Man am I glad to see a Jeep section here! Jeeps are everywhere; love it. Here is my dilemma... I have a Meyer 7.5 poly on a Chevy 1500 and want to use my 91 Wrangler and retire the Chevy boat. I have a Western Uni-mount Sport Utility lined up for $1000 mounts and all and wondered if it would be too light for stone driveways and off pavement. I have also flirted with fabricating tube mounts to bring the Meyer set up over to the Wrangler and chance finding an older Meyer blade that would be sturdier than the Sport Utility. I even had someone recommend cutting down the 7.5 or using it as is. I know I could try to sell the 7.5 and buy something smaller but then I would no doubt sell low and have to buy high and lose my shirt. Any ideas?


----------



## ppandr (Dec 16, 2004)

What motor/trans in the 91? If you have got a 4cyl than the smaller blade will be better. I would go with the Western over Meyers on any setup. Sell the Meyers and recoup the cash.


----------



## aje3721 (Dec 27, 2009)

*motor and trans*

It has the 4.0 HO with the AX15. I've been looking at other rigs on the site and really wish I could stay with a larger plow than the 6.5. I like the Western setup with the full size pump and all but the blade just seems lame. Am I missing something? Is the Sport Utility actually a strong set up? Should I get the Sawzall out on the 7.5 Meyer?


----------



## P&M Landscaping (Feb 20, 2008)

aje3721;930551 said:


> It has the 4.0 HO with the AX15. I've been looking at other rigs on the site and really wish I could stay with a larger plow than the 6.5. I like the Western setup with the full size pump and all but the blade just seems lame. Am I missing something? Is the Sport Utility actually a strong set up? Should I get the Sawzall out on the 7.5 Meyer?


What I would do, is take the western blade and throw a set of pro wings on it.


----------



## aje3721 (Dec 27, 2009)

*Pro Wings...*



P&M Landscaping;931832 said:


> What I would do, is take the western blade and throw a set of pro wings on it.
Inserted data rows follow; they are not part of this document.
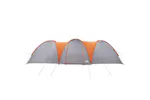 Vidaxl Family Tent Dome 8-person Grey And Orange Waterproof Vidaxl Family Tent Dome 8-person Grey And Orange Waterproof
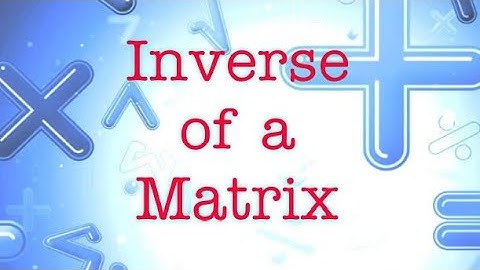 Inverse of a Matrix |malayalam #StudentsCornerMalayalam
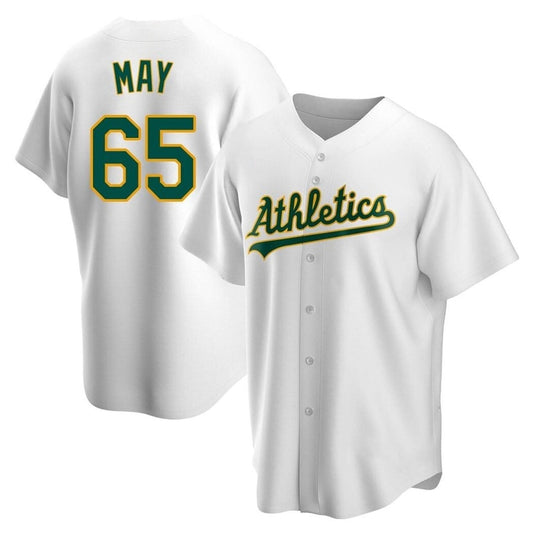 Baseball Trevor May Oakland Athletics 65 Jersey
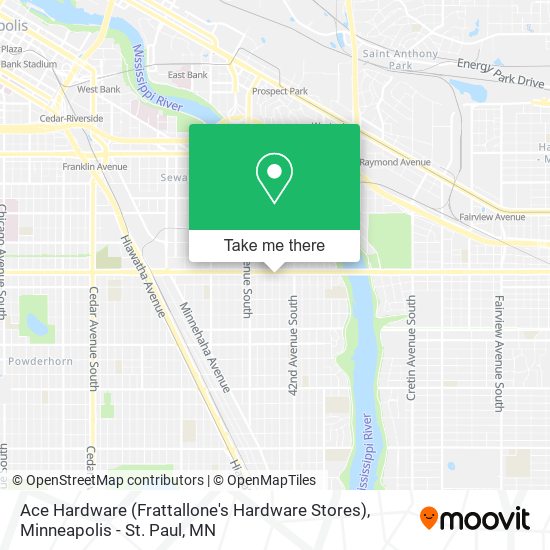 Ace Hardware (Frattallone's Hardware Stores) map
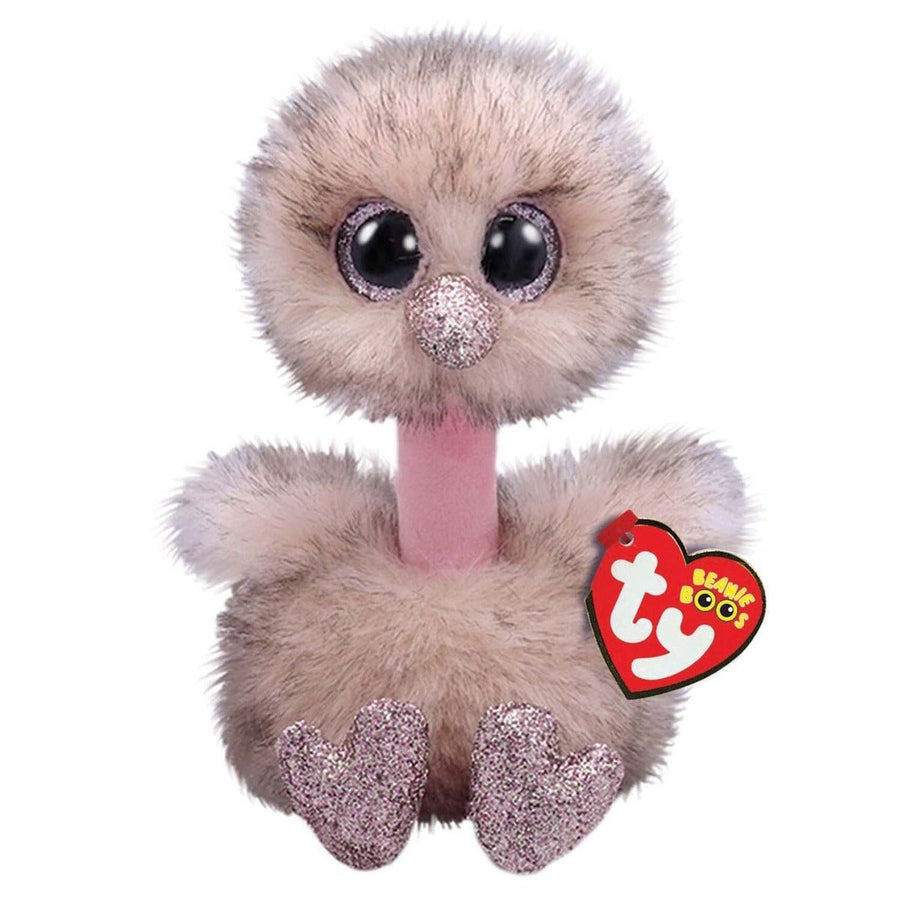 TY Beanie Boos Henna the Brown Ostrich 6inch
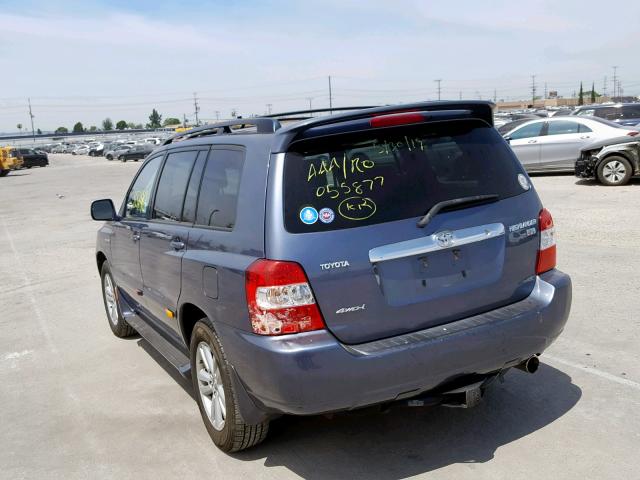 JTEEW21AX60007887 - 2006 TOYOTA HIGHLANDER GRAY photo 3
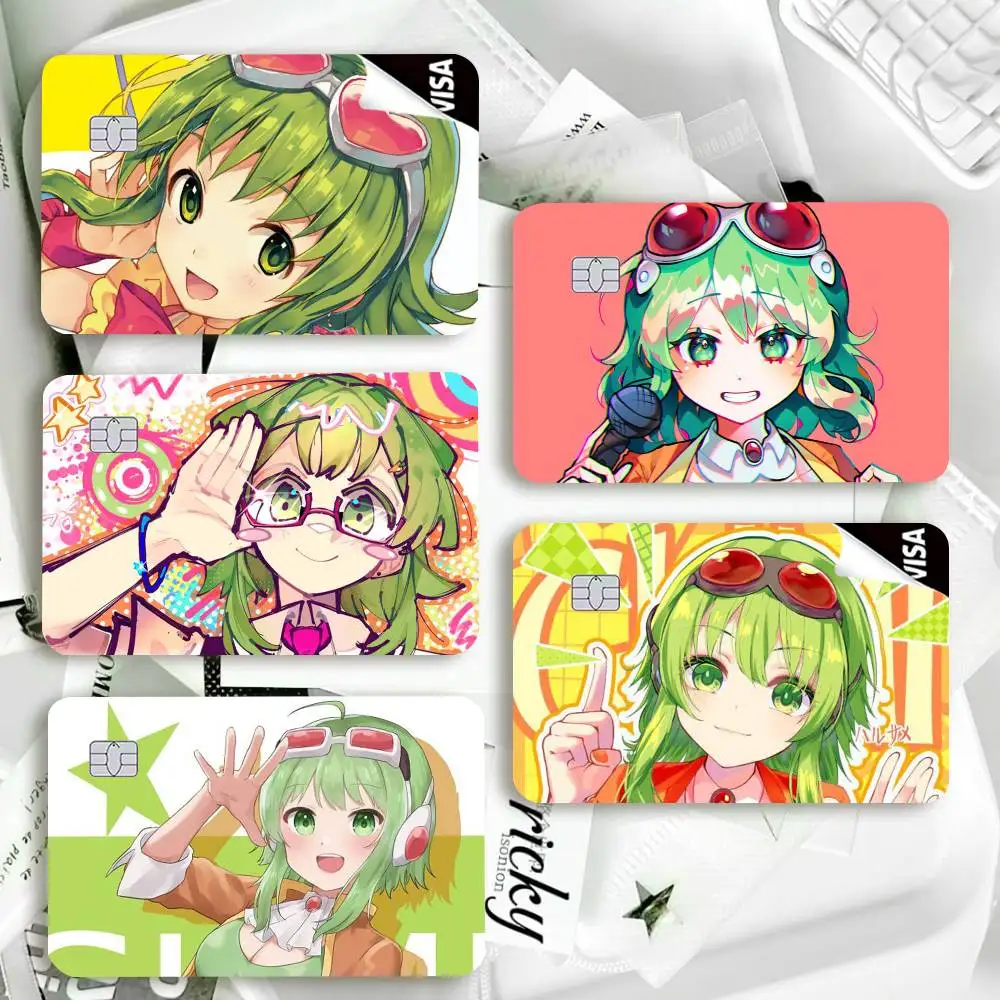 adesivos-de-cartao-de-credito-gumi-vocaloid-a-prova-d'Agua-para-cartoes-de-debito-e-passes-de-transporte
I didn't know there were wings available for that size plow. Do you have a link to the wings you'd recommend? Am I correct in assuming that the Meyer would be to much for a YJ? Is the Western Sport Utility substantial enough? Thanks for the advice on the wings; never considered it...


----------



## P&M Landscaping (Feb 20, 2008)

http://www.centralparts.com/accesso...s/Pro-Wings-The-perfect-Snowplow-option/3891/

Your meyer would work on the YJ, but that is alot of weight. If it was up to me, I would do these wings


----------



## aje3721 (Dec 27, 2009)

*Excellent*

Very good! Thanks again for the input and idea!


----------



## P&M Landscaping (Feb 20, 2008)

Hey no problem, good luck with the Jeep!


----------